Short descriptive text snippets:

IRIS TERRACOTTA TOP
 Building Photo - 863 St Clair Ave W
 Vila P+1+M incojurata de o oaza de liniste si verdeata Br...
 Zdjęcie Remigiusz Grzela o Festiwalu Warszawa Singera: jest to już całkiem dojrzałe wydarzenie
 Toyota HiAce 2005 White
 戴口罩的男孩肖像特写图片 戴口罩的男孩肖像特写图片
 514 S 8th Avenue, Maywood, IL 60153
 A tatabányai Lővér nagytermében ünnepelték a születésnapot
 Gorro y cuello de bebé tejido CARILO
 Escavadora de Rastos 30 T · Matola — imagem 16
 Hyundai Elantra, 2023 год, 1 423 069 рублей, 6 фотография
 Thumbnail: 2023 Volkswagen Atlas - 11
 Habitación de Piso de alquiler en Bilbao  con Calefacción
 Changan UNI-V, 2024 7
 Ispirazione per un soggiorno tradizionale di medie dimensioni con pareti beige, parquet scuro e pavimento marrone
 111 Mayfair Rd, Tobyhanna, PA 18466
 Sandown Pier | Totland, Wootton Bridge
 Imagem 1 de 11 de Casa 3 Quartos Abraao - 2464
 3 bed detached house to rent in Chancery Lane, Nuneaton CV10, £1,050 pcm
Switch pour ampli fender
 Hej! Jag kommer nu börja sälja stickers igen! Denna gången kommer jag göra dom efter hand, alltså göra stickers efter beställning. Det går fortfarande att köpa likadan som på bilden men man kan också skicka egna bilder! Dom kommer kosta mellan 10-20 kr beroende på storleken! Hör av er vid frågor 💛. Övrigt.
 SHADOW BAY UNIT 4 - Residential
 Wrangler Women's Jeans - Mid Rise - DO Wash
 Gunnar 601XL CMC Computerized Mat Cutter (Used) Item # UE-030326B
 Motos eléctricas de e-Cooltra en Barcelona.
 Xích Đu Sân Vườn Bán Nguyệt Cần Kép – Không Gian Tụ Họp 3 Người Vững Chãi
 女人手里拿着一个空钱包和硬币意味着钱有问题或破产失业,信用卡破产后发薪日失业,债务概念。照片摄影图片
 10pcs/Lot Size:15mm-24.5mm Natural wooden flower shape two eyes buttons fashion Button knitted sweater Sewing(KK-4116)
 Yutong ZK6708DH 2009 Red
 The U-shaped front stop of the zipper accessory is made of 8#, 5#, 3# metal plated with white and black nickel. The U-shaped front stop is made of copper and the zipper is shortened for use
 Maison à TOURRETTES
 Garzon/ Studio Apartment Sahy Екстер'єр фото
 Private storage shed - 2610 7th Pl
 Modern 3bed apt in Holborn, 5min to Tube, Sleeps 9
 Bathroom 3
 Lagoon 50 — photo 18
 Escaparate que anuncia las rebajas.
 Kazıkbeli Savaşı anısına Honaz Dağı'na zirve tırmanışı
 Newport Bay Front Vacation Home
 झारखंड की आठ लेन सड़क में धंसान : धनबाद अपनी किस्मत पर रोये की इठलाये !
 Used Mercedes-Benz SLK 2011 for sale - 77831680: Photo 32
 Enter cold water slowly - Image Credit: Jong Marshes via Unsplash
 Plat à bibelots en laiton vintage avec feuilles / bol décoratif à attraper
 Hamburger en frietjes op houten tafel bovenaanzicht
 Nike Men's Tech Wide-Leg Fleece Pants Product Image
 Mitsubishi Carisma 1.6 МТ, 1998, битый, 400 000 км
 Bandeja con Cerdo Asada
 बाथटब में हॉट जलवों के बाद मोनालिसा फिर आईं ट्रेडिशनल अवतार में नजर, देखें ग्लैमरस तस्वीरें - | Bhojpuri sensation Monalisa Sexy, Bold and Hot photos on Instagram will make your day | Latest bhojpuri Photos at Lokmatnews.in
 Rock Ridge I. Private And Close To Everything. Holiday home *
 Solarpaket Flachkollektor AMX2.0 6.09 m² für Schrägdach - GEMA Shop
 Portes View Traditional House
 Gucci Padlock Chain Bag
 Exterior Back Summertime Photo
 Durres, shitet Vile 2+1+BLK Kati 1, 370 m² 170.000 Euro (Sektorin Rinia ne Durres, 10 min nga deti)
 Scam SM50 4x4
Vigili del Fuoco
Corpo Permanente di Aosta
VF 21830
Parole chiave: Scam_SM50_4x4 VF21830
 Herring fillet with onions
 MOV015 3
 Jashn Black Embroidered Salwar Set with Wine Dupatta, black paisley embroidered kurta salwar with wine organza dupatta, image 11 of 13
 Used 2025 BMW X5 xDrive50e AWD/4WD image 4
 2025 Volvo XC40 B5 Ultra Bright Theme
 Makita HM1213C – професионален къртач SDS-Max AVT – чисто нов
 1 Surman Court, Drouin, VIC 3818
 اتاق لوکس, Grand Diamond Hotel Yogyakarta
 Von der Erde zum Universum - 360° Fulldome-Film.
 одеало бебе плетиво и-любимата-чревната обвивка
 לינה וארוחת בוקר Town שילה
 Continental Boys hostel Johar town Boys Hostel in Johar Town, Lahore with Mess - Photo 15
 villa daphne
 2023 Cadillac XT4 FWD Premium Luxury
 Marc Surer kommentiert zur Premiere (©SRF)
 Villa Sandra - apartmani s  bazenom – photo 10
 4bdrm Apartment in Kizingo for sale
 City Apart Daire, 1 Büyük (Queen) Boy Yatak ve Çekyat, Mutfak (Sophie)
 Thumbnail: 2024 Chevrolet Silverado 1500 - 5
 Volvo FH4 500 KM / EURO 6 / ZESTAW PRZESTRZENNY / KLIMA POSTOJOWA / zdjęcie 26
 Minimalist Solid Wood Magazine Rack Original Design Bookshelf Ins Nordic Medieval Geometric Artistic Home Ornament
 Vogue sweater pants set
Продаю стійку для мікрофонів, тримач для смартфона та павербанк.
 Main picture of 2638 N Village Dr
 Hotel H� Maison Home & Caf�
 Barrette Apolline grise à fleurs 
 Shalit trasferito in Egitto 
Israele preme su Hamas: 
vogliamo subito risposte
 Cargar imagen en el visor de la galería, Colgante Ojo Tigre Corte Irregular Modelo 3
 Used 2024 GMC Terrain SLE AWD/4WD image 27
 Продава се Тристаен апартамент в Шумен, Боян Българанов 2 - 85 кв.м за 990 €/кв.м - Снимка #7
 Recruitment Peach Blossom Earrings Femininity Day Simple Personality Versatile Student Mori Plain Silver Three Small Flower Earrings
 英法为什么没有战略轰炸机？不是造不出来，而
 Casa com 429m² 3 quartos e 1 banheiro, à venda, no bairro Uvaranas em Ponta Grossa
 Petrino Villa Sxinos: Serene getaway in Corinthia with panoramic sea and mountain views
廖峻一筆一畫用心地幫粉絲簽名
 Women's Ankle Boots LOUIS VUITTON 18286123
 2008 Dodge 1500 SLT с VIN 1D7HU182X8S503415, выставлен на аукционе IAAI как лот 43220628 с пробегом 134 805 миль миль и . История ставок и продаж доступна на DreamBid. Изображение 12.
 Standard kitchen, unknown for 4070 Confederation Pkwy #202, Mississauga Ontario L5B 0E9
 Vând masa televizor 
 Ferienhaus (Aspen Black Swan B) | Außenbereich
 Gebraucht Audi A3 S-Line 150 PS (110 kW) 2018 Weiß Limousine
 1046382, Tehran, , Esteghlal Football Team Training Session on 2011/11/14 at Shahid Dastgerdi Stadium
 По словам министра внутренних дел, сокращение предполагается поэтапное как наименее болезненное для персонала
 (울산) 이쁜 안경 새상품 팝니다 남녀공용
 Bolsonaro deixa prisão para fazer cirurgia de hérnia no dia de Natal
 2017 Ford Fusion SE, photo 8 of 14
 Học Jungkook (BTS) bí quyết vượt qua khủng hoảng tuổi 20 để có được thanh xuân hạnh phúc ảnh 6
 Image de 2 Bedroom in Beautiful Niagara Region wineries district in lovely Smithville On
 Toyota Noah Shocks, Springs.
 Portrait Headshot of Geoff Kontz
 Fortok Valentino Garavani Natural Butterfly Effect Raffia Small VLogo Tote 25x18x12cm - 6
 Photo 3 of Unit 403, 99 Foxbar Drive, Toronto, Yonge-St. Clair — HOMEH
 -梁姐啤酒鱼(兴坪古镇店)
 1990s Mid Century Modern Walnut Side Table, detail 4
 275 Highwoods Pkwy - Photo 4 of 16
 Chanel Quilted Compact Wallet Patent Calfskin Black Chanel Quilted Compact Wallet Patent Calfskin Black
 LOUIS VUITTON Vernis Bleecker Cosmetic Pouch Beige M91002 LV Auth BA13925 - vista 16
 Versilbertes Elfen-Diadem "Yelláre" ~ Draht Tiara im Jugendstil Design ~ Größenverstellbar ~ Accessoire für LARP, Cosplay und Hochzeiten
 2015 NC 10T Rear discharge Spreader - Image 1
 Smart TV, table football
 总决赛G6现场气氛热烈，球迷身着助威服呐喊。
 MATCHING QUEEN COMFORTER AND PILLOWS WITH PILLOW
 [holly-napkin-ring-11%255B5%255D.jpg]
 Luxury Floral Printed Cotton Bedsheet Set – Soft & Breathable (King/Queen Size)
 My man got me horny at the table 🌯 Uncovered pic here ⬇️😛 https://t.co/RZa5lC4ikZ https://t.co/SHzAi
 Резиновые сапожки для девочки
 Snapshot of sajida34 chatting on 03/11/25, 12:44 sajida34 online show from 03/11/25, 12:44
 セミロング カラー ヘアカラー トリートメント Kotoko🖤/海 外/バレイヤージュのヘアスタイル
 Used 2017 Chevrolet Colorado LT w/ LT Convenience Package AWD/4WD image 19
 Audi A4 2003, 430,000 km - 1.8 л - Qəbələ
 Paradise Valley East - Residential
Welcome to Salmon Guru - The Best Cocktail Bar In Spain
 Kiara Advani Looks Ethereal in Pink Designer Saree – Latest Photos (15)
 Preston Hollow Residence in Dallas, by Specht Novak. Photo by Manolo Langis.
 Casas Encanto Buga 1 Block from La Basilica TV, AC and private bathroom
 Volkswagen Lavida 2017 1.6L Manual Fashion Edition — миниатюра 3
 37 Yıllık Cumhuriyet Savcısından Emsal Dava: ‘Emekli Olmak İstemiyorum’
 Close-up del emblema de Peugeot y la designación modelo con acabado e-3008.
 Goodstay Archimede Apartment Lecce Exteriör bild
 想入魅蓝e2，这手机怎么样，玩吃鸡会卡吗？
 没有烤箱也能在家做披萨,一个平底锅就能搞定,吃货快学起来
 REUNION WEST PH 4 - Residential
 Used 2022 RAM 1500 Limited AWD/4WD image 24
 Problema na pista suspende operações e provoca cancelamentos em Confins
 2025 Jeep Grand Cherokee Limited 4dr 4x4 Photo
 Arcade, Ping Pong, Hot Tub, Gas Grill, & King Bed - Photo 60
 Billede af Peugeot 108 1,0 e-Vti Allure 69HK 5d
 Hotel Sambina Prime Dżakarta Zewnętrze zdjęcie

▸ **Task instructions**
Please show every line of the entries above that contains the word "Small".

▸ **Solution to this problem**
 Recruitment Peach Blossom Earrings Femininity Day Simple Personality Versatile Student Mori Plain Silver Three Small Flower Earrings
 Fortok Valentino Garavani Natural Butterfly Effect Raffia Small VLogo Tote 25x18x12cm - 6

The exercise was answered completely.